A reduction sign tops a sale placard outside an existing home for sale in south Denver on Sunday, Aug. 17, 2008. Sales of existing homes in the Western U.S. edged higher overall in July, as many buyers took advantage of falling prices in foreclosure-ravaged areas in California, Nevada and elsewhere, an industry trade group said Monday, Aug. 25, 2008.

The Associated Press

Home values in Arizona continue to plummet at faster and faster rates.

New figures from the Office of Federal Housing Oversight show the average value of an Arizona house dropped 4.4 percent in just three months. That compares with a 2.8 percent drop in the prior three months, a 1.2 percent drop the quarter before that and a decline of less than 1 percent the prior quarter.

Overall, home values in Arizona are now 9.2 percent lower than the same period a year earlier. That means a home worth $200,000 on June 30 last year now is worth less than $181,700.

That 9.2 percent drop compares with a nationwide decline of just 1.7 percent. Only California, Nevada and Florida had sharper year-over-year declines.

The figures are a key indicator of actual home values because OFHEO actually tracks the sale and government-backed refinancing of the same houses. By contrast, median sales figures for a market simply measure the prices of the homes that are sold in that particular month.
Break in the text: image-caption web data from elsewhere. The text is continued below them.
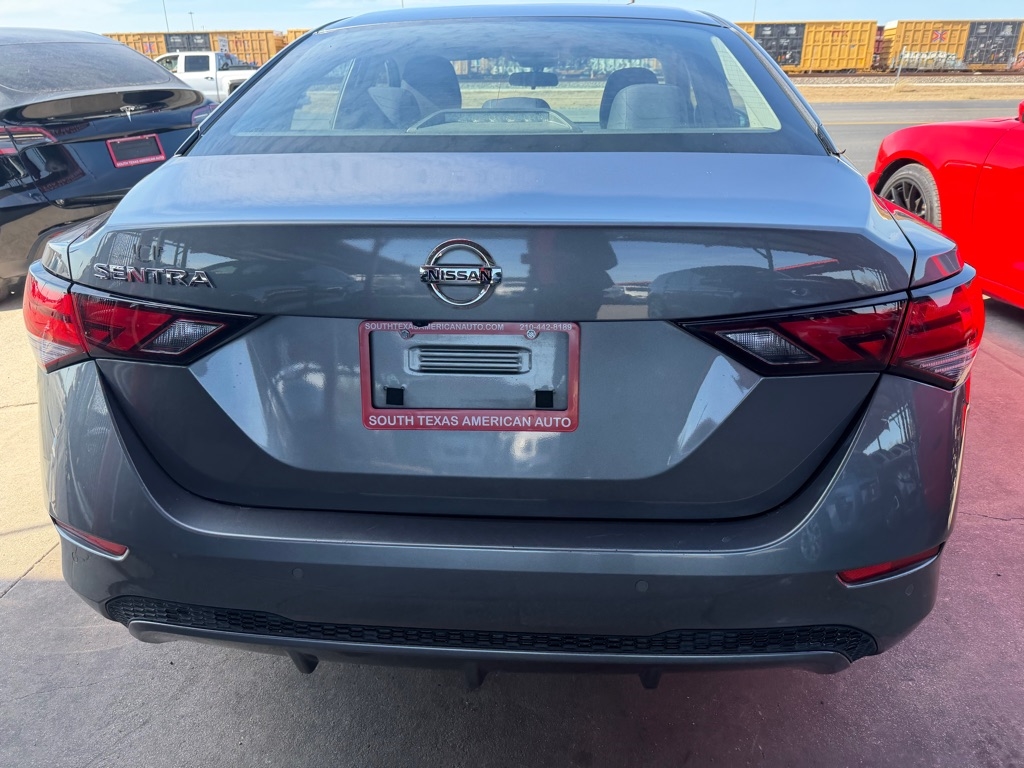 Nissan Sentra S 2020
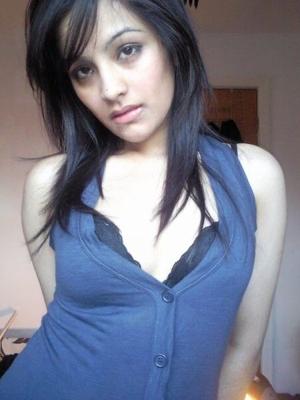 Fille indienne sexy exposant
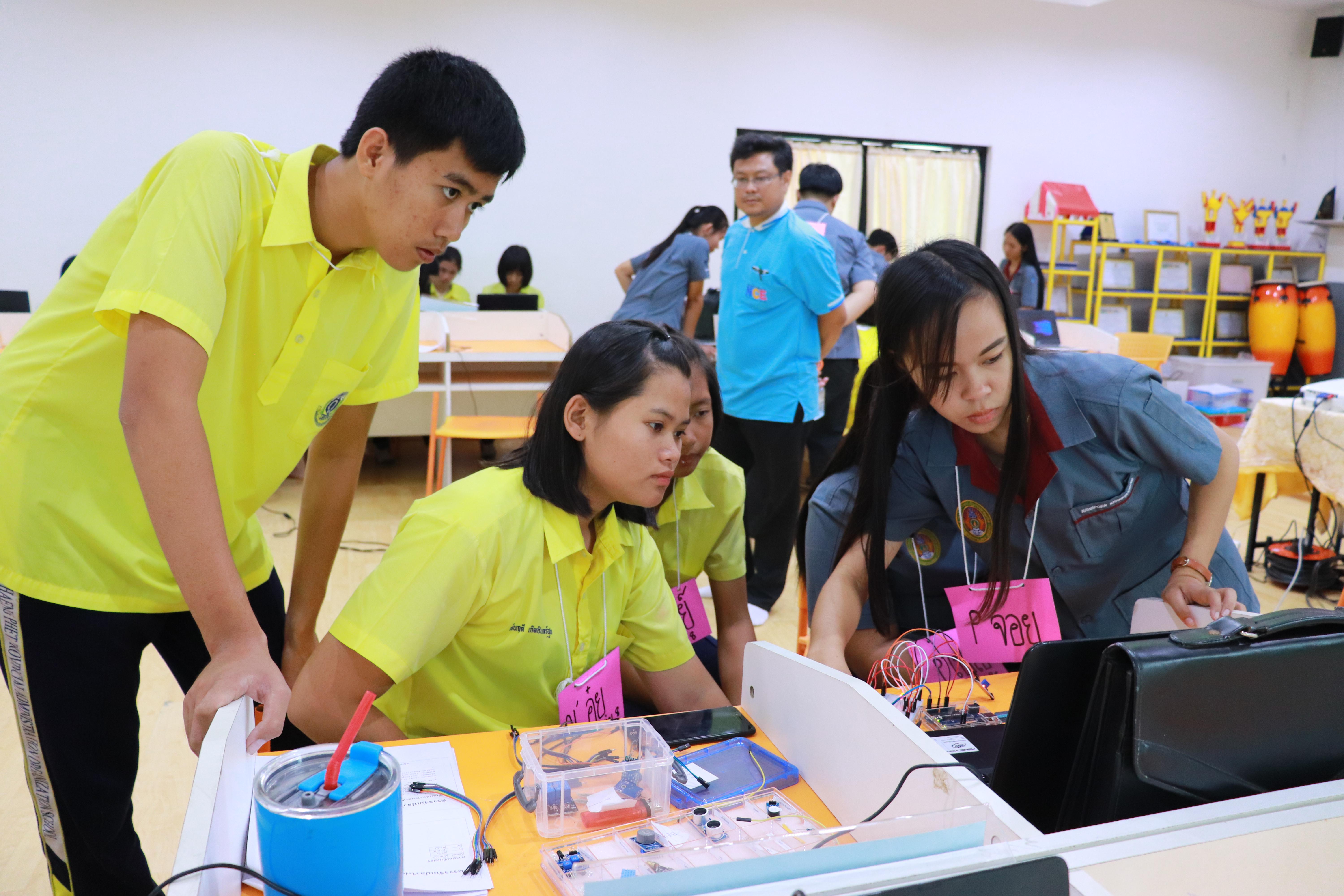 158. โครงการอบรมเชิงปฏิบัติการการพัฒนาโครงงานคอมพิวเตอร์ ด้วยระบบสมองกลฝังตัวและการเขียนโปรแกรมคอมพิวเตอร์  1-3 สิงหาคม 2561 ณ โรงเรียนองค์การบริหารส่วนจังหวัดกำแพงเพชร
Agency Director James Lockhart said there’s a reason for the sharp decline in Arizona and the other three states, calling them “the most overbuilt areas of the country.’’ He said that the high level of homes for sale just made worse the problems caused by tighter credit conditions.

Arizona’s continued housing bust continues to erode the gains in home values that property owners saw during the boom period when investors were snapping up houses as fast as they could be built and driving up prices.

As of the end of June, though, the average Arizona home was still worth 66 percent more than five years earlier -- and more than 418 percent more than 1980. That compares with national figures of a 34.8 percent value increase in five years and more than 280 percent since 1980.

The picture around Arizona in communities where home sales are monitored by the federal agency mirrors the state, with values declining at a sharper rate than before. But the size of that drop varies.

In Flagstaff, for example, the single-quarter drop was just 1.5 percent, with home values down in the last 12 months by 3.1 percent.

At the other extreme, homes in the Kingman and Lake Havasu area lost nearly 6.6 percent of their value in just three months and are now down by nearly 13.1 percent.

But the Phoenix metropolitan area, which includes all of Maricopa and Pinal counties, is not far behind.

Home values slid almost 5.2 percent between the first and second quarters of the year, compared to less than 3.3 percent between the last quarter of 2007 and the first quarter of this year. And OFHEO calculates the value of homes tracked is down more than 11 percent.

The drop in Tucson home values was not as sharp, with a 3.3 percent decrease in three months and nearly 5.9 percent on an annual basis. The value of an average Tucson home, though, still is 57.4 percent higher than it was five years ago.

All that, however, is positively glowing in comparison with three California communities -- Merced, Stockton and Modesto -- which saw year-over-year value declines of 28 percent or more. Overall California home values slid 15.8 percent in the past 12 months, the worst record in the nation.

That was followed by Nevada at 14.1 percent and Florida at 12.4 percent.

At the other extreme, Oklahoma posted a 4.9 percent increase in home values during the past year. But even with that, the five-year increase was just 26.5 percent.